The defects observed in spindle organization in the dynein–dynactin-depleted S2 cells was accompanied by a 1.5-fold increase in pole–pole distance relative to controls and an ∼2.7-fold elevation of the mitotic index, based on anti-phosphohistone-H3 staining (Table 1). This is consistent with previous results (Goshima and Vale, 2003).
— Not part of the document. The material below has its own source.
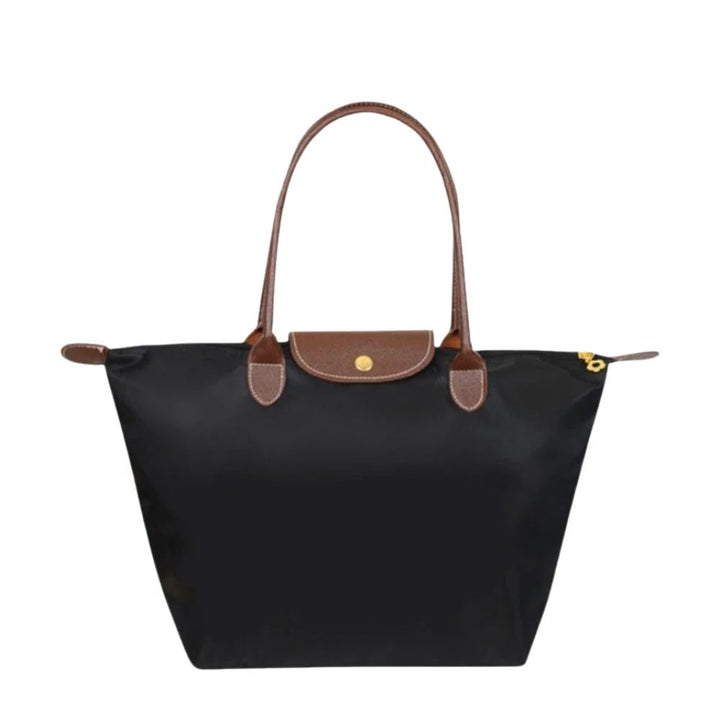 Elegant women's luxury handle bag, perfect for stylish daily use. Sophisticated top carry purse in classic design.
RNAi-mediated Depletion of Ncd, Asp, and KLP10A Also Causes Defects in Spindle Pole Morphology

In addition to dynein, Drosophila contains another well characterized minus-end–directed mitotic motor, Ncd, a member of the kinesin-14 family (Lawrence et al., 2004). In Drosophila female meiosis Ncd has been reported to transport mini-spindles protein to the spindle where it associates with D-TACC to stabilize spindle poles (Cullen and Ohkura, 2001). By immunofluorescence with an anti-Ncd–specific antibody (Figure S1), we find that this protein extensively colocalizes with tubulin throughout the mitotic spindle (Figure 4A). We find that RNAi-mediated depletion of Ncd (Figure S1) produces significant defects in spindle morphology (Figure 4B) but that the phenotypes observed were obviously different from those seen after dynein–dynactin depletion. Instead of a single spindle as observed in controls, Ncd depletion seemed to result in the formation of multiple distinct mini-spindles, each associated with a distinct chromatin mass that were not properly connected. This is consistent with the idea that Ncd participates in a distinct spindle assembly pathway from that involving dynein (Lee et al., 2001; Cullen and Ohkura, 2001).

Figure 4.

Figure 4.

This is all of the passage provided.